- **WHAT IS NEEDED**: Exact copy, no pictures: output each line below as it stands.

- **SUPPLIED RECORDS**:
* * * * *

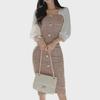 Elegant Korean Style Chiffon Splice Square Collar Dress for Professional Women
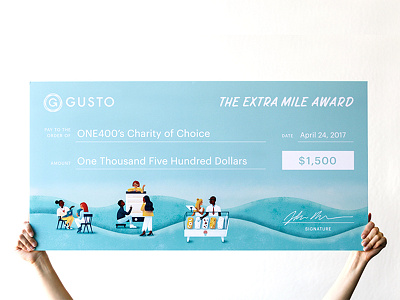 The Extra Mile Award award branding check custom illustration photography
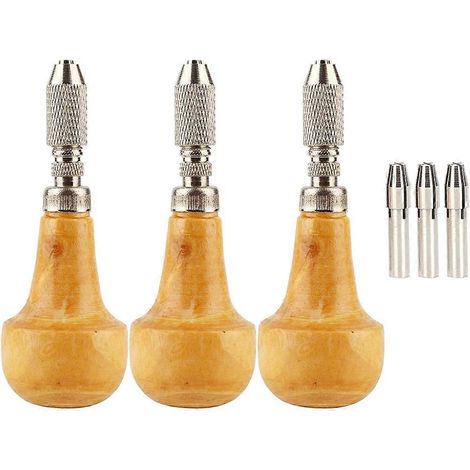 Ensemble de 3 étaux à broches avec mandrin de précision, poignées en bois et acier inoxydable pour la fabrication de bijoux, la gravure et le travail des métaux. (1/5)
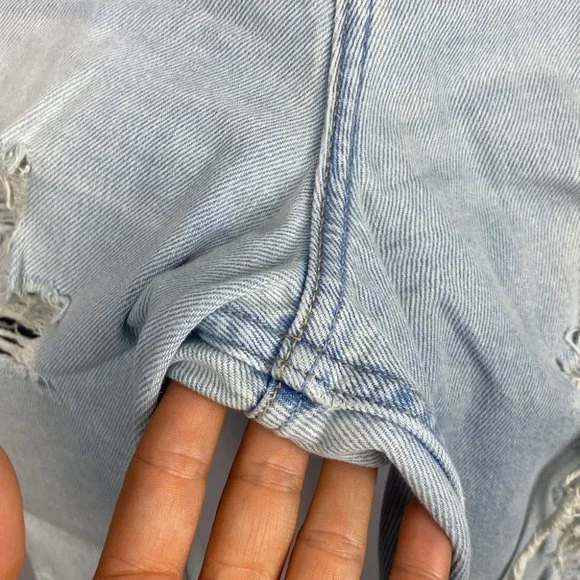 Hollister Ultra High Rise Mom Jeans Light Wash Distressed - Size 7R - 28 - Picture 6 of 10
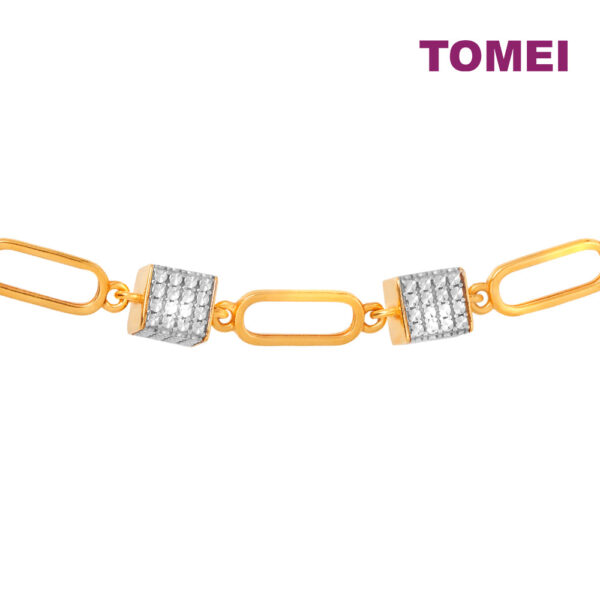 TOMEI Diamond Cut Collection Stylish Cube Bracelet, Yellow Gold 916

* * * * *

- **RESPONSE BOX**:
 Elegant Korean Style Chiffon Splice Square Collar Dress for Professional Women
 The Extra Mile Award award branding check custom illustration photography
 Ensemble de 3 étaux à broches avec mandrin de précision, poignées en bois et acier inoxydable pour la fabrication de bijoux, la gravure et le travail des métaux. (1/5)
 Hollister Ultra High Rise Mom Jeans Light Wash Distressed - Size 7R - 28 - Picture 6 of 10
 TOMEI Diamond Cut Collection Stylish Cube Bracelet, Yellow Gold 916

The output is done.